Jüdisches Museum spürt der Fankultur im Fußball nach

"Superjuden" würdigt auch die Wiener Fußballclubs mit ihren Fanszenen
Jüdische Fußballkultur. Wer denkt bei diesem Begriff nicht zuerst an den Verein Hakoah, der bis heute das Bild in der Öffentlichkeit prägt. Dass jüdische Fußballgeschichte jedoch deutlich weiter reicht, das zeigt die neue Schau "Superjuden" im Jüdischen Museum Wien, die ab Mittwoch den Fankulturen von fünf Klubs nachspürt - samt den damit einhergehenden Ambivalenzen. "Genau deshalb haben wir diese Ausstellung gemacht", unterstrich am Dienstag Direktorin Barbara Staudinger.
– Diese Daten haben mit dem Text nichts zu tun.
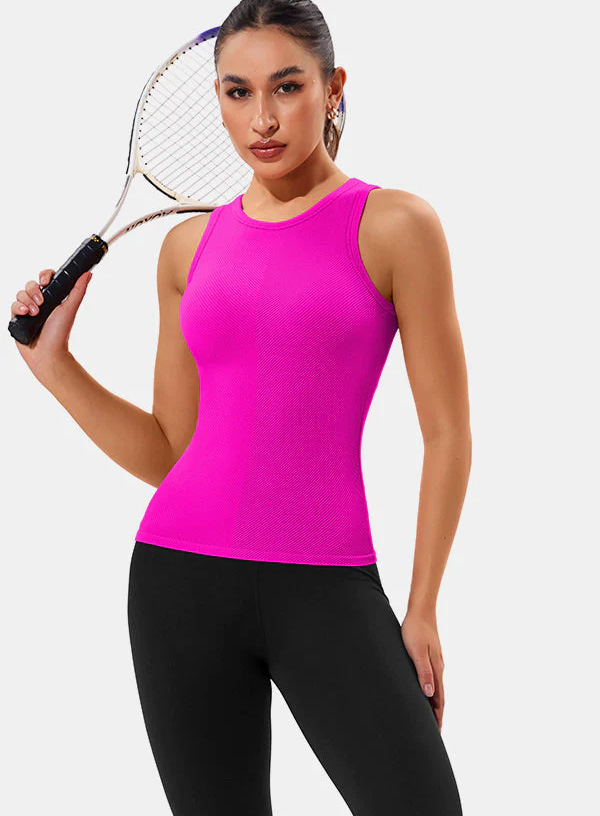 High Neck Seamless Ribbed Tank Top
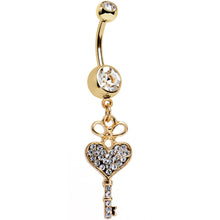 Load image into Gallery viewer, Clear Gem Gold Anodized Have a Heart Hold the Key Dangle Belly Ring
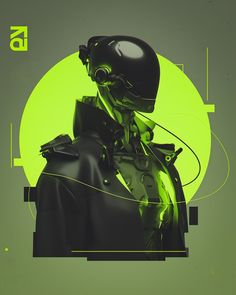 a green and black poster with a man in a suit, helmet and goggles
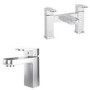 Chrome Bath and Basin Tap Set - Como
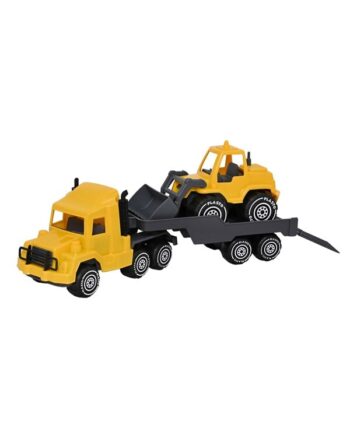 Plasto  Lastbil Med Lowboy Anhænger Og Frontlæsser  47 Cm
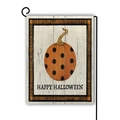Bandiera da giardino in lino per Halloween con zucca e supporto in metallo nero - Stile Zucca Pois Happy Halloween / 45*30cm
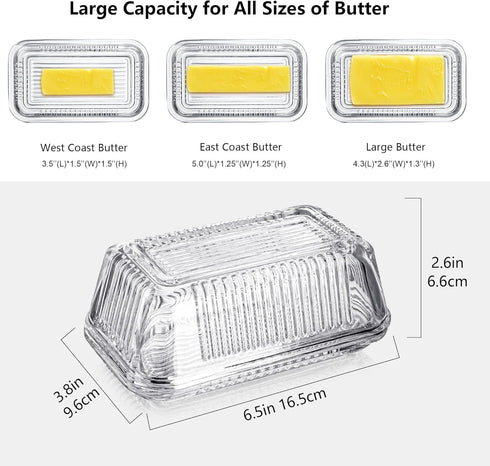 Countertop, 6.5" Clear Glass Butter Dish with Lid for Crystal Butter Dish with Cover, Covered Butter Tray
Es geht um jüdische Geschichte im Stadion, primär jedoch nicht erzählt anhand einzelner Proponenten, sondern als kulturelles Phänomen. So entfaltet sich rund um das runde Leder ein ganzer Fragenkatalog, in dem kulturelle Aneignung oder die affirmative Umdeutung von Schmähbegriffen abgehandelt wird. Letztlich schwebt über allem die Grundfrage: Was ist jüdisch?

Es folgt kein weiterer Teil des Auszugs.